This class wraps the model class and provides strongly typed methods for performing inference via the prediction(input: Inceptionv3Input) and prediction(image: CVPixelBuffer) methods, each returning the output class we saw previously—Inceptionv3Output. Now, knowing what our model is expecting, let's continue to implement the preprocessing functionality required for the captured frames in order to feed them into the model.

Core ML 2 introduced a the ability to work with batches; if your model was compiled with Xcode 10+ then you will also see the additional method <CODE>func predictions(from: MLBatchProvider, options: MLPredictionOptions)</CODE> allowing you to perform inference on a batch of inputs.

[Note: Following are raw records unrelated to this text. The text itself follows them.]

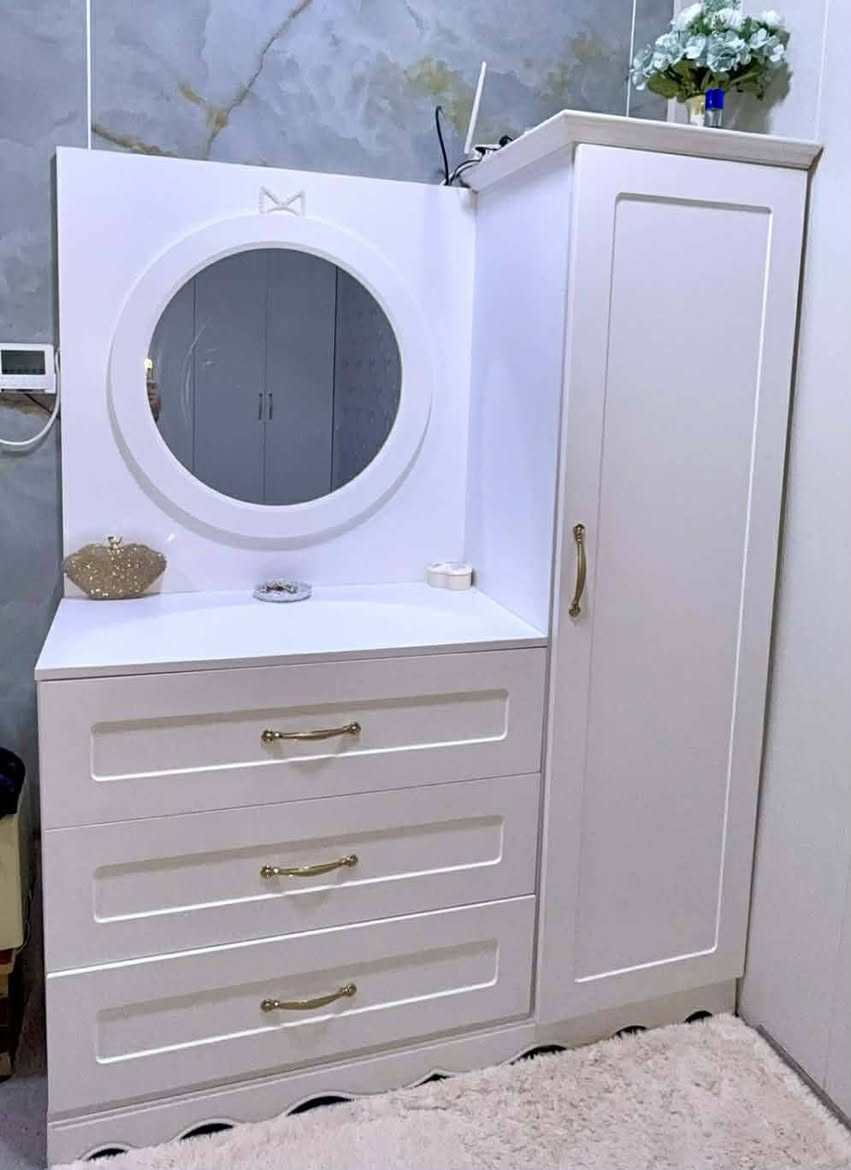 ميز  تواليت  و كه نتور  نوي يه هيج كيشه نيه ٩ وه ره قه له شه قلاوه


**إذا كنت صاحب هذا الإعلان وتريد حذفه لأي سبب، رجاءا أرسل رسالة إلى الدعم الفني**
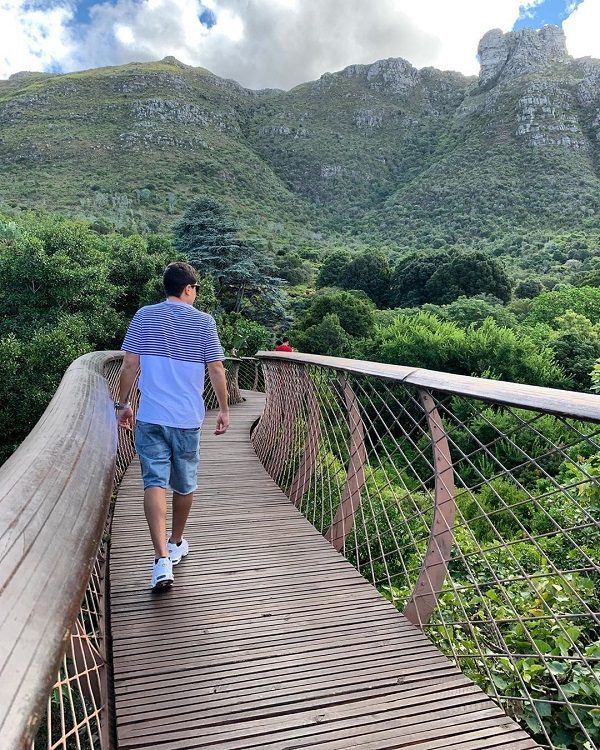 Estudante na Tree Canopy Walkway
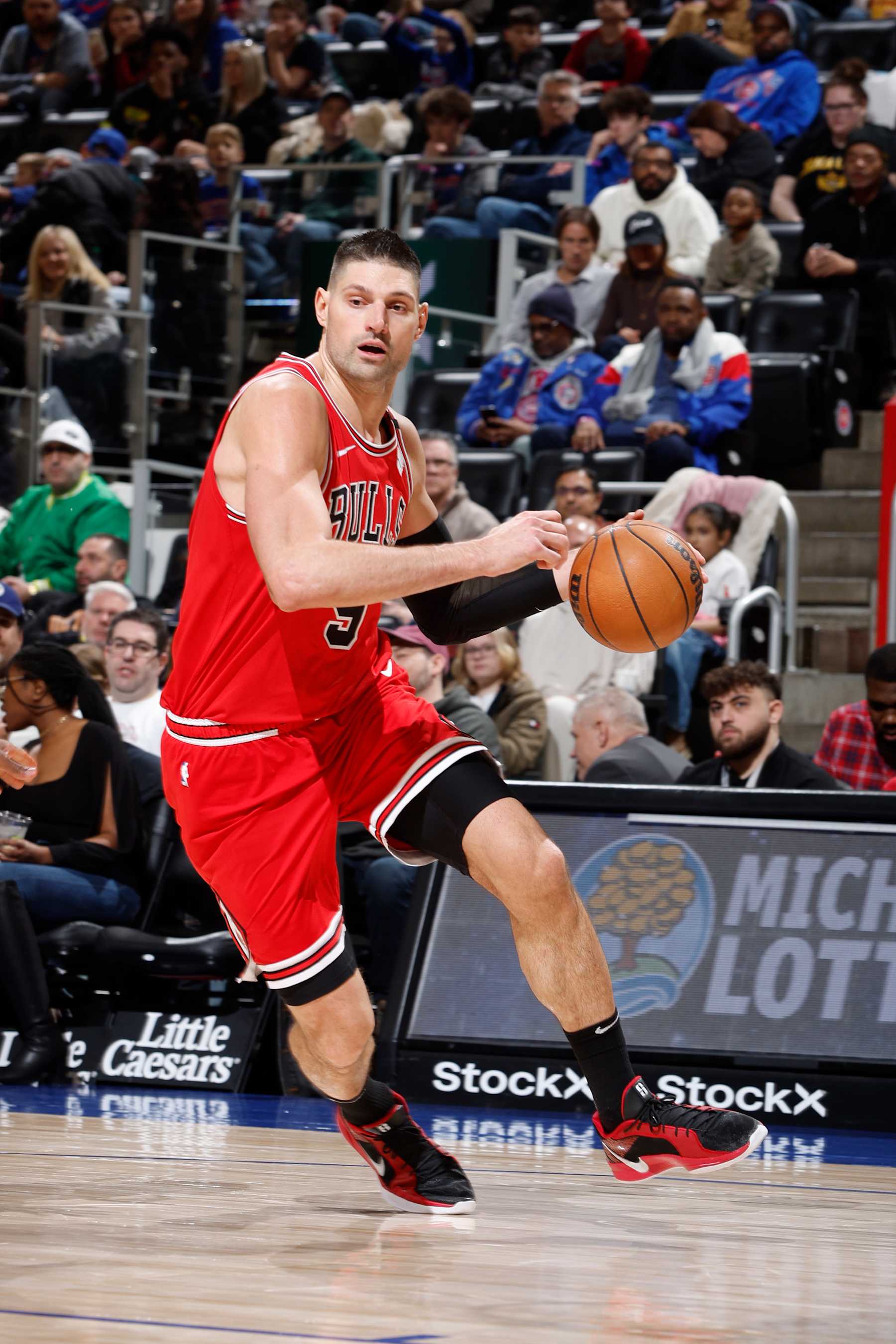 DETROIT, MI - FEBRUARY 2: Nikola Vucevic #9 of the Chicago Bulls drives to the basket during the game against the Detroit Pistons on February 2, 2025 at Little Caesars Arena in Detroit, Michigan. NOTE TO USER: User expressly acknowledges and agrees that, by downloading and/or using this photograph, User is consenting to the terms and conditions of the Getty Images License Agreement. Mandatory Copyright Notice: Copyright 2025 NBAE (Photo by Brian Sevald/NBAE via Getty Images)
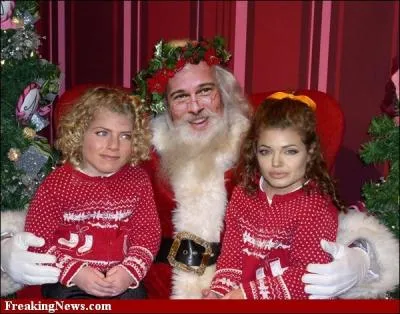 C'est une photo montage, issue d'un concours sur le net pour raliser des Pres Nol  partir de personnages connus. Celle-ci est plutt amusante, car Brad Pitt a deux enfants sur ses genoux...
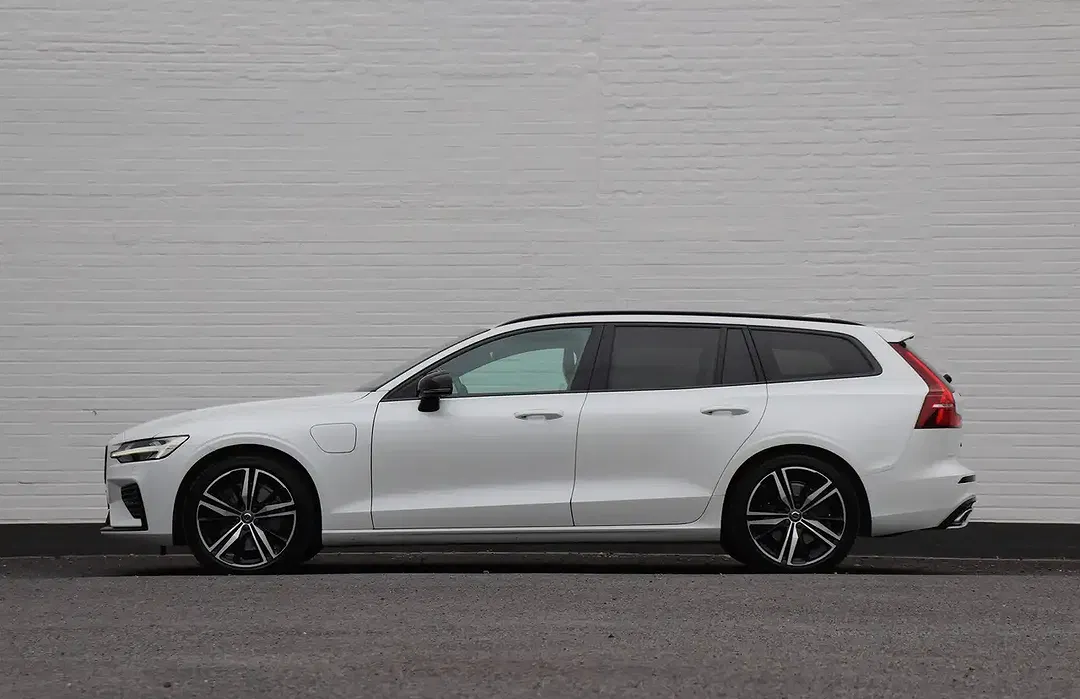 Volvo V60 T6 PHEV AWD Recharge R-Design - Thumbnail 4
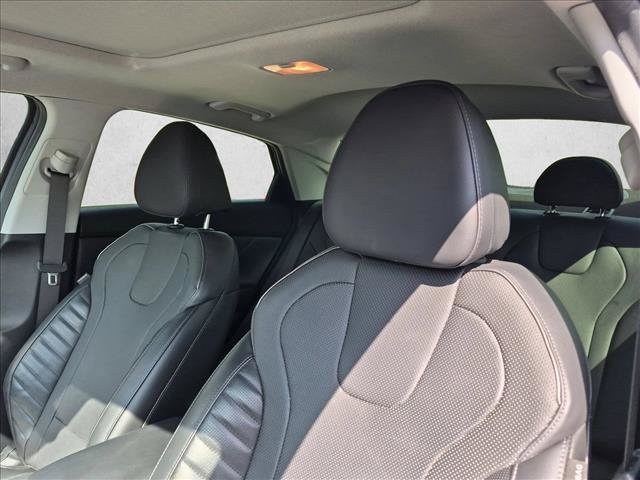 Used 2023 Hyundai Elantra Limited w/ Cargo Package FWD image 15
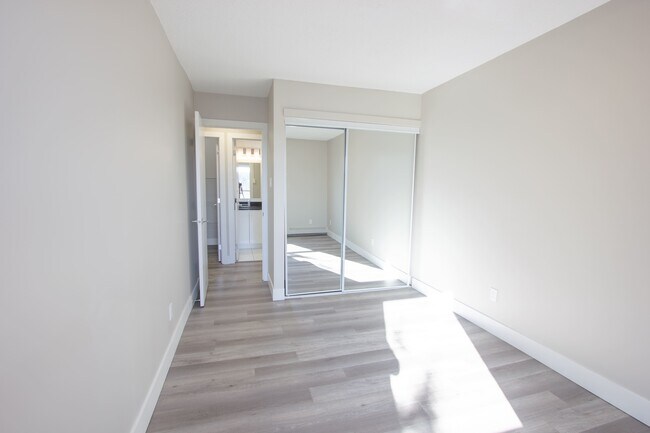 Photo du bâtiment - Windsor Estates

At this stage, we know that we are receiving the correct data type (CVPixelBuffer) and image format (explicitly defined in the settings when configuring the capture video output instance kCVPixelFormatType_32BGRA) from the camera. But we are receiving an image significantly larger than the expected size of 299 x 299. Our next task will be to create some utility methods to perform resizing and cropping.

For this, we will be extending CIImage to wrap and process the pixel data we receive along with making use of CIContext to obtain the raw pixels again. If you're unfamiliar with the CoreImage framework, then it suffices to say that it is a framework dedicated to efficiently processing and analyzing images. CIImage can be considered the base data object of this framework that is often used in conjunction with other CoreImage classes such as CIFilter, CIContext, CIVector, and CIColor. Here, we are interested in CIImage as it provides convenient methods for manipulating images along with CIContext to extract the raw pixel data from CIImage (CVPixelBuffer).

Back in Xcode, select the CIImage.swift file from the Project navigator to open it up in the Editor area. In this file, we have extended the CIImage class with a method responsible for rescaling and another for returning the raw pixels (CVPixelBuffer), a format required for our Core ML model:

extension CIImage{
 
 func resize(size: CGSize) -> CIImage {
     fatalError("Not implemented")
 }
 
 func toPixelBuffer(context:CIContext,
 size insize:CGSize? = nil,
     gray:Bool=true) -> CVPixelBuffer?{
         fatalError("Not implemented")
     }
 }

Let's start by implementing the resize method; this method is passed in the desired size, which we'll use to calculate the relative scale; then we'll use this to scale the image uniformly. Add the following code snippet to the resize method, replacing the fatalError("Not implemented") statement:

let scale = min(size.width,size.height) / min(self.extent.size.width, self.extent.size.height)
 
 let resizedImage = self.transformed(
 by: CGAffineTransform(
 scaleX: scale,
 y: scale))

Unless the image is a square, we are likely to have an overflow either vertically or horizontally. To handle this, we will simply center the image and crop it to the desired size; do this by appending the following code to the resize method (beneath the code written in the preceding snippet):

let width = resizedImage.extent.width
 let height = resizedImage.extent.height
 let xOffset = (CGFloat(width) - size.width) / 2.0
 let yOffset = (CGFloat(height) - size.height) / 2.0
 let rect = CGRect(x: xOffset,
 y: yOffset,
 width: size.width,
 height: size.height)
 
 return resizedImage
 .clamped(to: rect)
 .cropped(to: CGRect(
 x: 0, y: 0,
 width: size.width,
 height: size.height))

We now have the functionality to rescale the image; our next piece of functionality is to obtain a CVPixelBuffer from the CIImage. Let's do that by implementing the body of the toPixelBuffer method. Let's first review the method's signature and then briefly talk about the functionality required:

func toPixelBuffer(context:CIContext, gray:Bool=true) -> CVPixelBuffer?{
     fatalError("Not implemented")
 }

This method is expecting a CIContext and flag indicating whether the image should be grayscale (single channel) or full color; CIContext will be used to render the image to a pixel buffer (our CVPixelBuffer). Let's now flesh out the implementation for toPixelBuffer piece by piece.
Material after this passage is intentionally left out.